Problem to work on
The material below should be copied line for line, please, with pictures omitted.

Supplied data
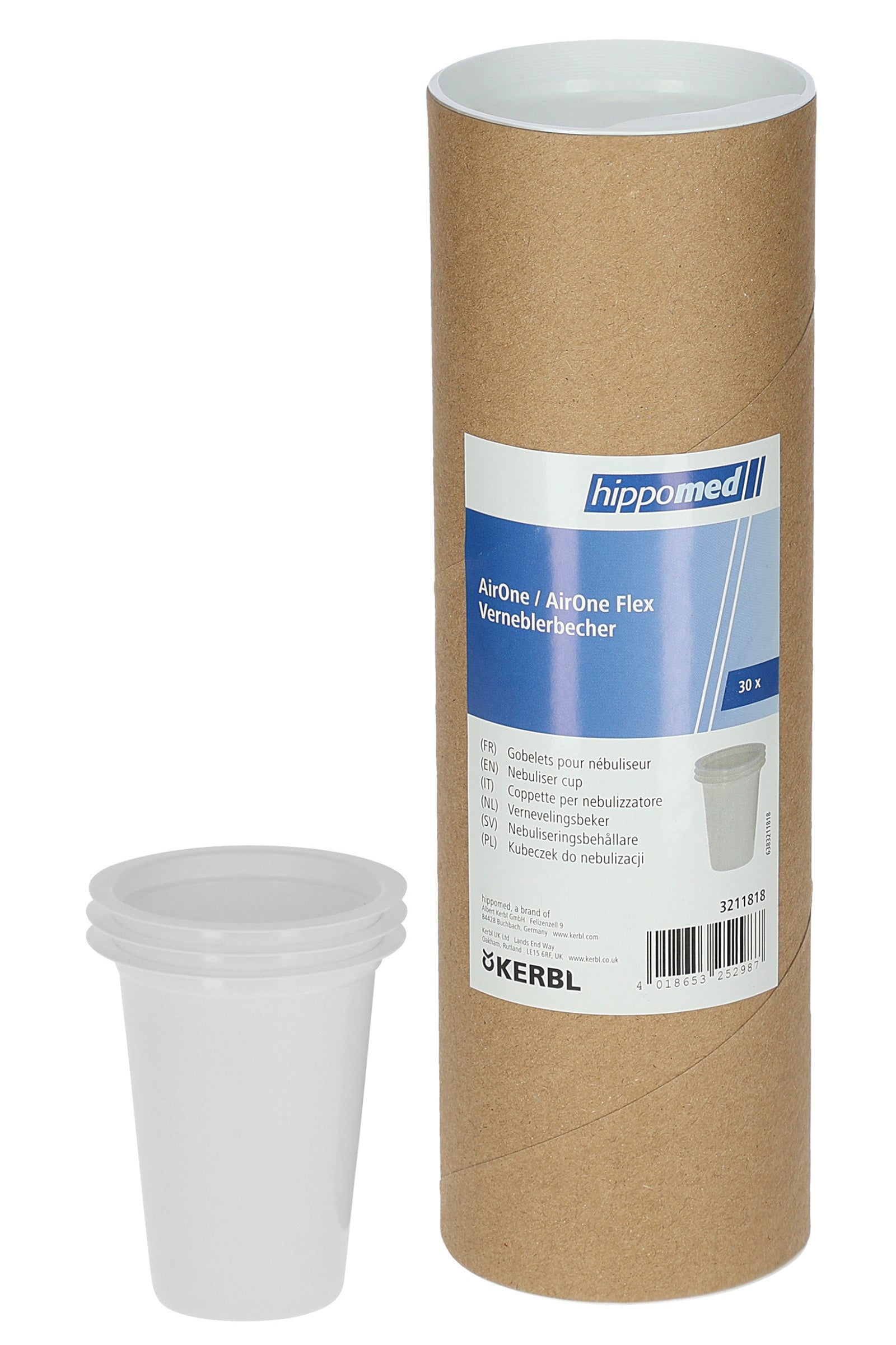 Hippomed Nebuliser Cups for Air One / AirOne Flex, 30 pcs. Horse Feed & Nutrition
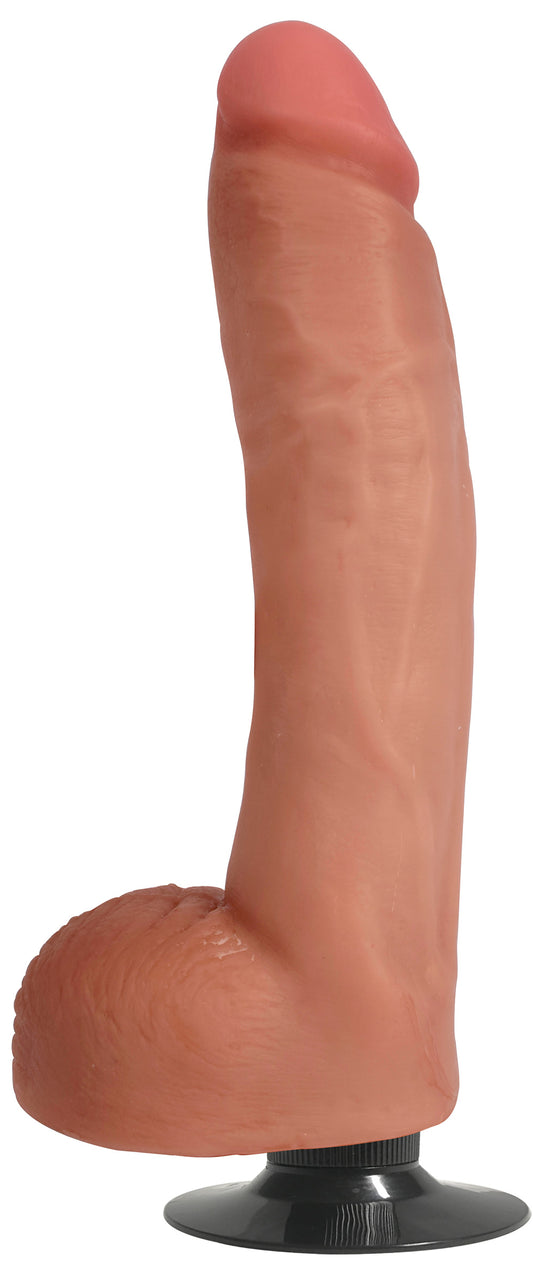 Jock Light Bareskin Vibrating Dildo with Balls - 10 Inch Jock Light Bareskin Vibrating Dildo with Balls - 10 Inch - UABDSM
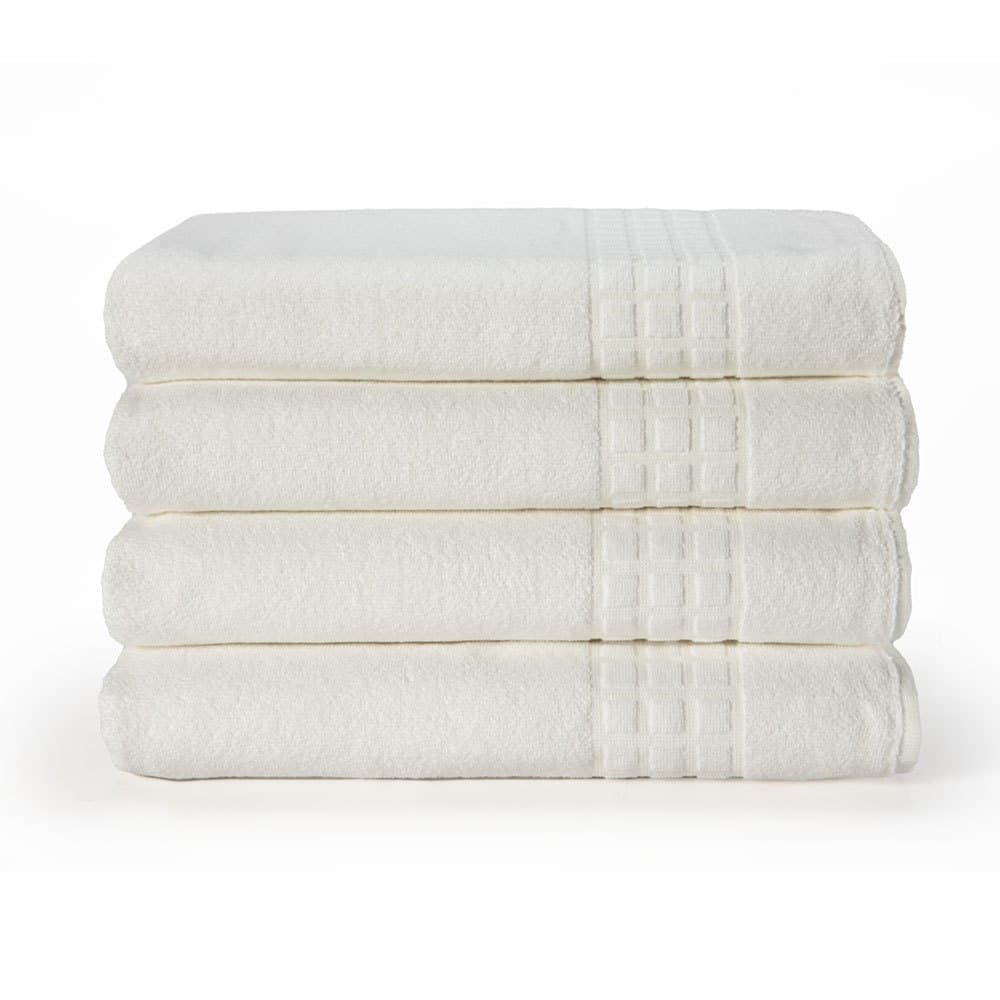 Kit 4 Toalhas de Banho Branca para Hotel – Linha Profissional City 1,40cm X 70cm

Task result
 Hippomed Nebuliser Cups for Air One / AirOne Flex, 30 pcs. Horse Feed & Nutrition
 Jock Light Bareskin Vibrating Dildo with Balls - 10 Inch Jock Light Bareskin Vibrating Dildo with Balls - 10 Inch - UABDSM
 Kit 4 Toalhas de Banho Branca para Hotel – Linha Profissional City 1,40cm X 70cm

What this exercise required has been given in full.